Activity – Output the data verbatim, minus the images.

Supplied material –
_ _ _
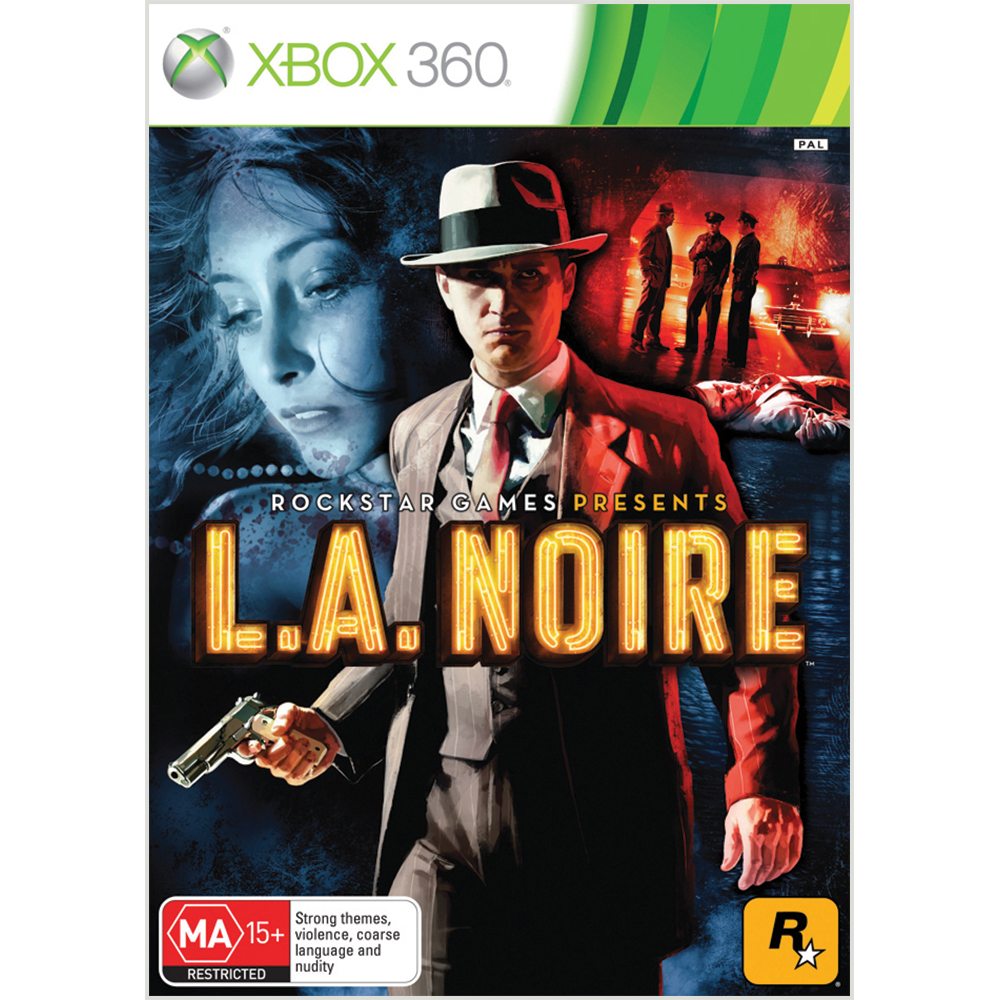 L.A. Noire - Packshot 1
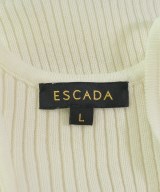 ESCADA（エスカーダ）ベスト/ノースリーブ 白 サイズ:L レディース/2200708820025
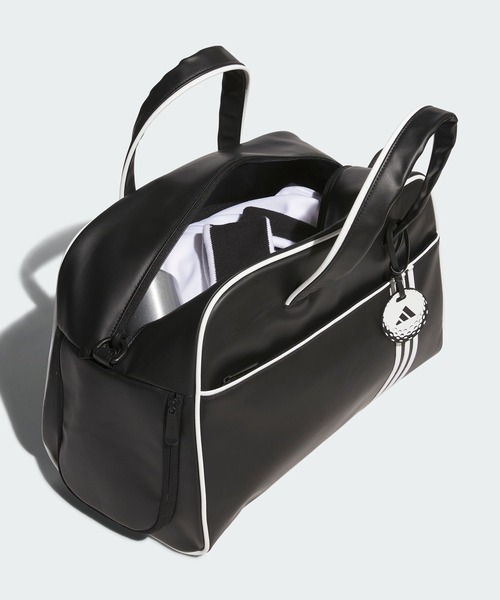 adidas（アディダス）の「スリーストライプス ボストンバッグ【adidas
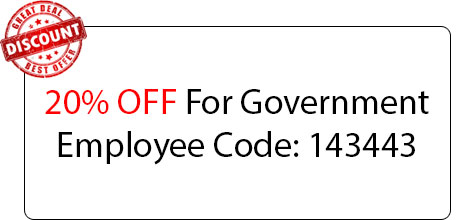Government Employee Coupon - Locksmith at Westmont, IL - Westmont Il Locksmith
_ _ _
Response –
 L.A. Noire - Packshot 1
 ESCADA（エスカーダ）ベスト/ノースリーブ 白 サイズ:L レディース/2200708820025
 adidas（アディダス）の「スリーストライプス ボストンバッグ【adidas
Government Employee Coupon - Locksmith at Westmont, IL - Westmont Il Locksmith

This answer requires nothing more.